▶ _Work request_
Given the entries that follow, write out exactly the lines starting at the one containing "الأخضر، الطماطم، البرقوق" and ending at the one containing "وحدة التقشير الرئيسية", both ends included, and only those.

Web page caption snippets:

━━━━

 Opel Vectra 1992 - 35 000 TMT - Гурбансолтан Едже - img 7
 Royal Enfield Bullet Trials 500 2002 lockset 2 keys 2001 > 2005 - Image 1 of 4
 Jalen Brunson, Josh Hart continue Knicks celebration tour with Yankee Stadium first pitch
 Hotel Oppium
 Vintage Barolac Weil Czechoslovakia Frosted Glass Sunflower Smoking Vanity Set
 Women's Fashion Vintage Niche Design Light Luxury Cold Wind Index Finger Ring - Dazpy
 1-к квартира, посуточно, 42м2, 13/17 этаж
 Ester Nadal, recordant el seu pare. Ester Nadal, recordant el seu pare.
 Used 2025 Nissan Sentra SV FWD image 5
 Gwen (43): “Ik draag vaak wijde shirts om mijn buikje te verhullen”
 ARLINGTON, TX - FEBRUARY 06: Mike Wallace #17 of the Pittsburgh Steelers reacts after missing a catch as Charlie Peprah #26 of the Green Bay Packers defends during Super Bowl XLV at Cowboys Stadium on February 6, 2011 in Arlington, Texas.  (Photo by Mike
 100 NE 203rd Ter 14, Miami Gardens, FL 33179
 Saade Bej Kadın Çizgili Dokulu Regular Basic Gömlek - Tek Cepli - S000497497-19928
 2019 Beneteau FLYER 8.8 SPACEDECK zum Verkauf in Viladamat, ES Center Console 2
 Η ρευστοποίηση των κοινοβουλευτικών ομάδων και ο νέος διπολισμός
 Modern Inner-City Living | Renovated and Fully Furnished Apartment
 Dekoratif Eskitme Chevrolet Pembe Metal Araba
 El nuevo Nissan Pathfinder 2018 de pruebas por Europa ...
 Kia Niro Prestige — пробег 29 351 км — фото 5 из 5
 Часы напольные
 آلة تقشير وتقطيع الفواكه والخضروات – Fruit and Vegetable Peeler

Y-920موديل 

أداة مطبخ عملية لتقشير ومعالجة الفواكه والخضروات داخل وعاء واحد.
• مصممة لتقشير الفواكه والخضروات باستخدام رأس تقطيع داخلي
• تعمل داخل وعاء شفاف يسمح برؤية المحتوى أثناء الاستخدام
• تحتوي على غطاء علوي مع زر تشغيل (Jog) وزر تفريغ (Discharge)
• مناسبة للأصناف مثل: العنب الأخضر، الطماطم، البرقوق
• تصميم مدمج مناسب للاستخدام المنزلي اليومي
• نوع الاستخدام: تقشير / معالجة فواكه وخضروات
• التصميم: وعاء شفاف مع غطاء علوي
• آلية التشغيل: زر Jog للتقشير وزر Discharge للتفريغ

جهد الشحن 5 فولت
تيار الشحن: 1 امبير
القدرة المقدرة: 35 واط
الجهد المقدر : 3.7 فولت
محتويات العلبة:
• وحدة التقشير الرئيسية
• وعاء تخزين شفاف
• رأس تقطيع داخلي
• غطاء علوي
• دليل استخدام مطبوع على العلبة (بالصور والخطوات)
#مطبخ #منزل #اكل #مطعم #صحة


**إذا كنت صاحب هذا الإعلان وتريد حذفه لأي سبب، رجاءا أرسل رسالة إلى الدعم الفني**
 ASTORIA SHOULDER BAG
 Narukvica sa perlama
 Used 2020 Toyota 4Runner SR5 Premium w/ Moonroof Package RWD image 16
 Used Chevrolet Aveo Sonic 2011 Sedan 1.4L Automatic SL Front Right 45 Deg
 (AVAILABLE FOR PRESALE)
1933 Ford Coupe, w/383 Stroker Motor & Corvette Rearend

━━━━

▶ _Your response_
• مناسبة للأصناف مثل: العنب الأخضر، الطماطم، البرقوق
• تصميم مدمج مناسب للاستخدام المنزلي اليومي
• نوع الاستخدام: تقشير / معالجة فواكه وخضروات
• التصميم: وعاء شفاف مع غطاء علوي
• آلية التشغيل: زر Jog للتقشير وزر Discharge للتفريغ

جهد الشحن 5 فولت
تيار الشحن: 1 امبير
القدرة المقدرة: 35 واط
الجهد المقدر : 3.7 فولت
محتويات العلبة:
• وحدة التقشير الرئيسية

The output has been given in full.